### Input material
* * *

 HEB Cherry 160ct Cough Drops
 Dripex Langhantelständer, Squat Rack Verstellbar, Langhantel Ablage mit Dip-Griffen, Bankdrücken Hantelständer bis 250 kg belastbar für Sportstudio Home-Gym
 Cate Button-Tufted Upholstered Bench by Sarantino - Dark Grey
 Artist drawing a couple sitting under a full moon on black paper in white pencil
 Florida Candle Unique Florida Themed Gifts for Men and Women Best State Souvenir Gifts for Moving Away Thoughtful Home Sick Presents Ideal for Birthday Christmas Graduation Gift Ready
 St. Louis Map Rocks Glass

* * *

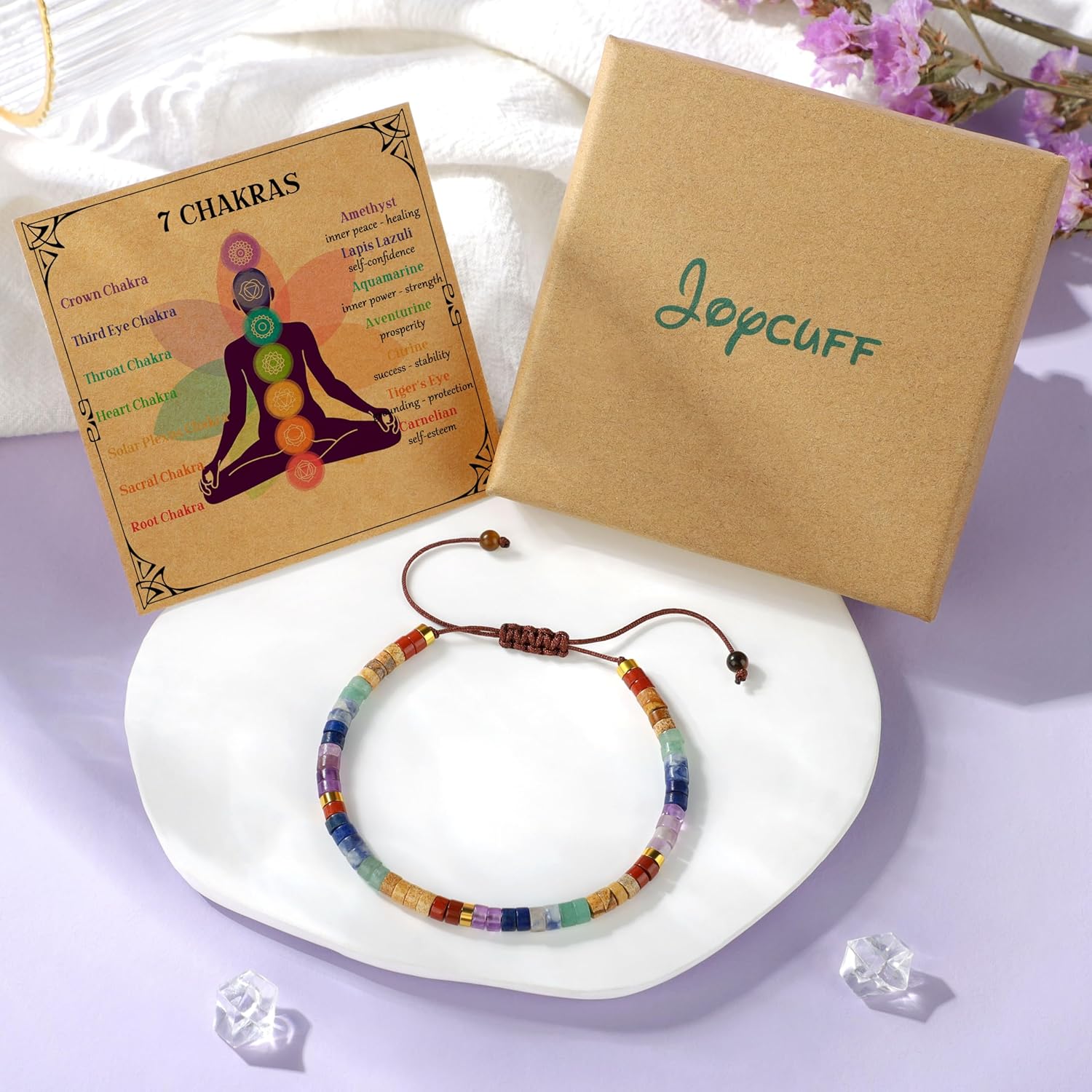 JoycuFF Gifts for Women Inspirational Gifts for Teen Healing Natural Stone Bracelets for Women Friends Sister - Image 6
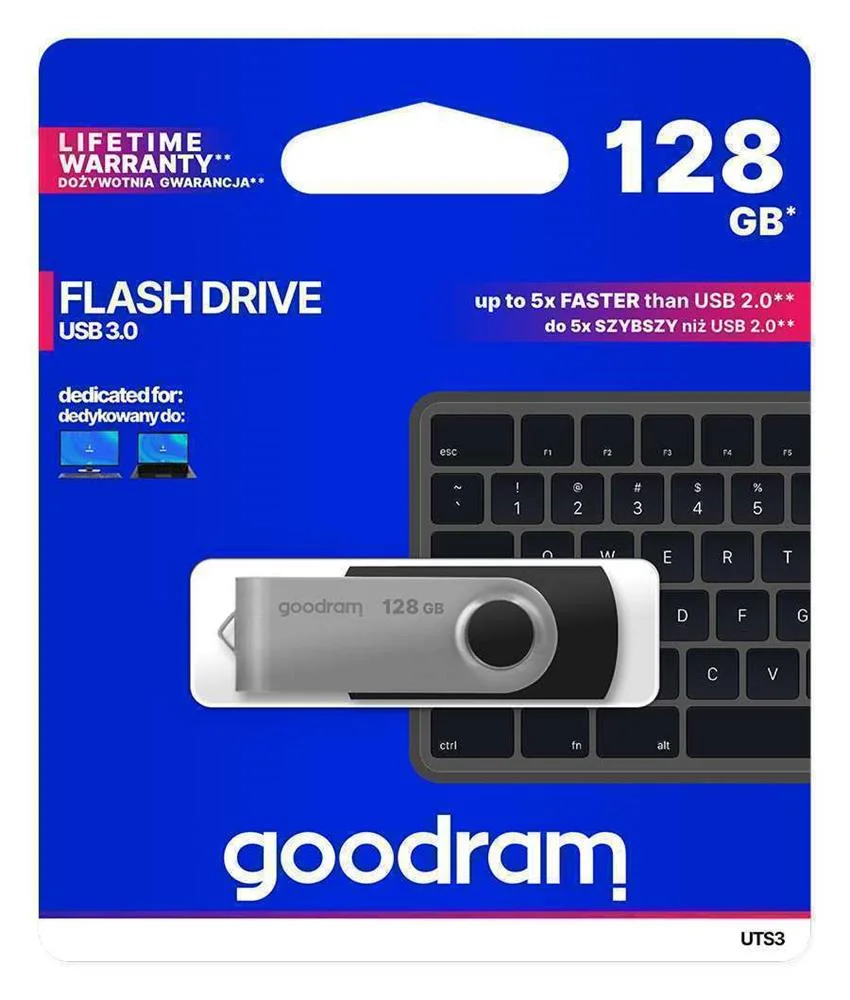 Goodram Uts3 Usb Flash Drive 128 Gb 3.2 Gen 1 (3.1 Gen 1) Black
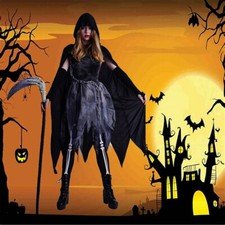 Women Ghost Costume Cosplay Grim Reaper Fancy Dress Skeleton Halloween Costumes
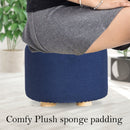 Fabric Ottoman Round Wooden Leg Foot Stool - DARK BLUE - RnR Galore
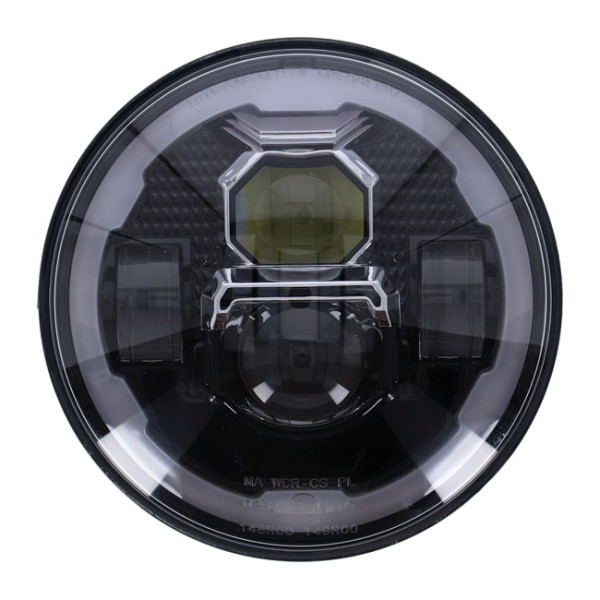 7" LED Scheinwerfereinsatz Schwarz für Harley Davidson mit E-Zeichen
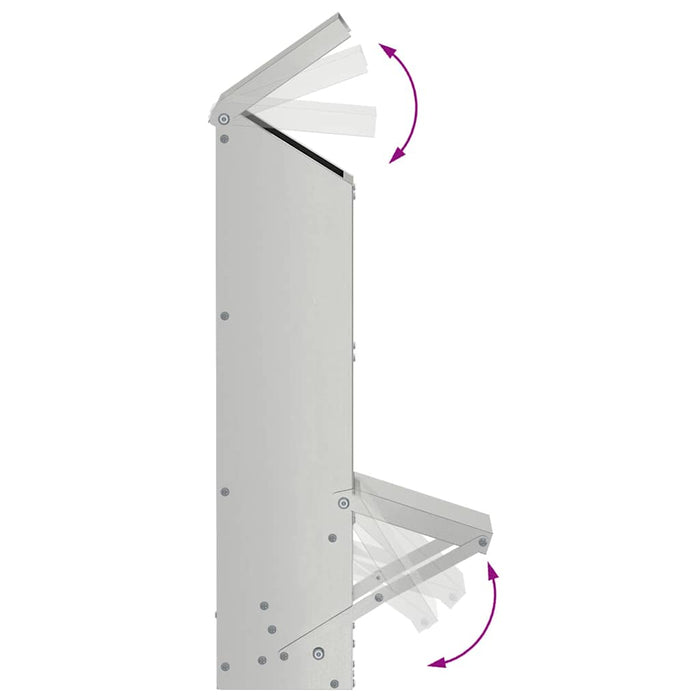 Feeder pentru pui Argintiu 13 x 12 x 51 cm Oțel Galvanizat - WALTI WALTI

* * *

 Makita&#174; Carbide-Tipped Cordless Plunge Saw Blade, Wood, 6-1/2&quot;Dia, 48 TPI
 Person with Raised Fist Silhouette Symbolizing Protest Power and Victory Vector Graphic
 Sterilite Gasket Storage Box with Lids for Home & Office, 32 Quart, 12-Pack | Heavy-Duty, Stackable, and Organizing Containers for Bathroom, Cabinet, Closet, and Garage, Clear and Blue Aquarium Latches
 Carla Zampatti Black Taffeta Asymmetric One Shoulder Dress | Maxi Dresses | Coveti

* * *

### About this task
Please give again the lines above between the line holding "Cate Button-Tufted Upholstered" and the line holding "St. Louis Map Rocks Glass", inclusive, exactly as they are and with nothing added.

### Answer for the task
 Cate Button-Tufted Upholstered Bench by Sarantino - Dark Grey
 Artist drawing a couple sitting under a full moon on black paper in white pencil
 Florida Candle Unique Florida Themed Gifts for Men and Women Best State Souvenir Gifts for Moving Away Thoughtful Home Sick Presents Ideal for Birthday Christmas Graduation Gift Ready
 St. Louis Map Rocks Glass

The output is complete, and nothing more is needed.